*** Supplied data Section Begins ***
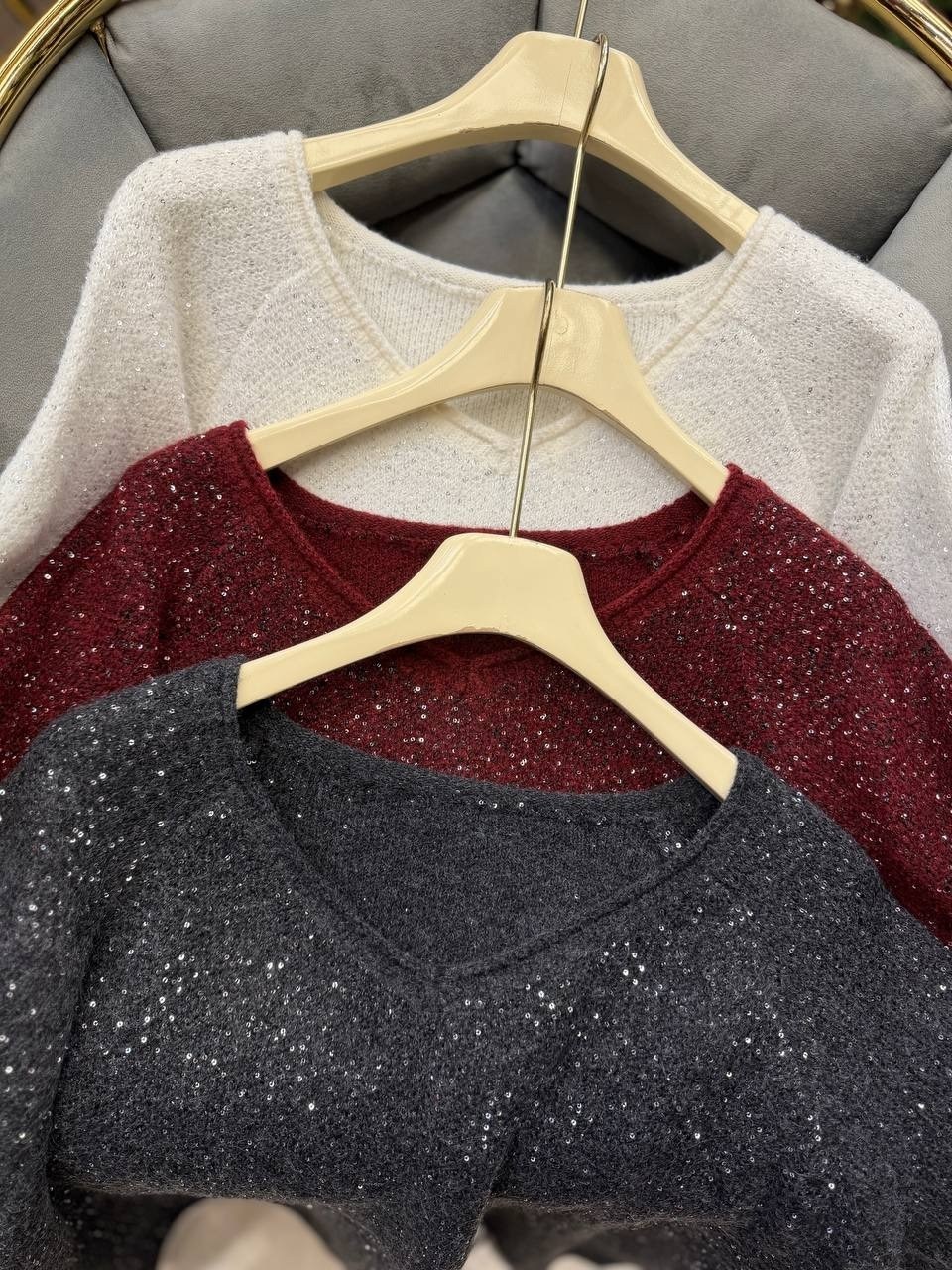 модные свитера,джемпер с пайетками,,женский свитер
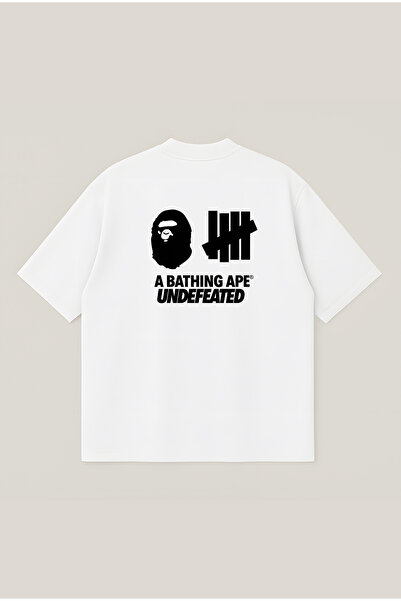 Moon Dancer Tricou BATHING APE x Undefeated unisex, supradimensionat, cu impr...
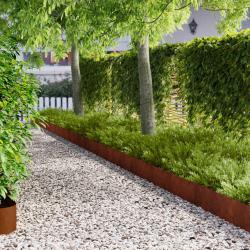 Bordure de Pelouse 30 pcs 102 x 15 x 4 cm Acier Rouill&eacute;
*** Supplied data Section Ends ***
__Instructions for the task__: Give back the whole listing exactly; no pictures.

__Answer to the problem__:
 модные свитера,джемпер с пайетками,,женский свитер
 Moon Dancer Tricou BATHING APE x Undefeated unisex, supradimensionat, cu impr...
 Bordure de Pelouse 30 pcs 102 x 15 x 4 cm Acier Rouill&eacute;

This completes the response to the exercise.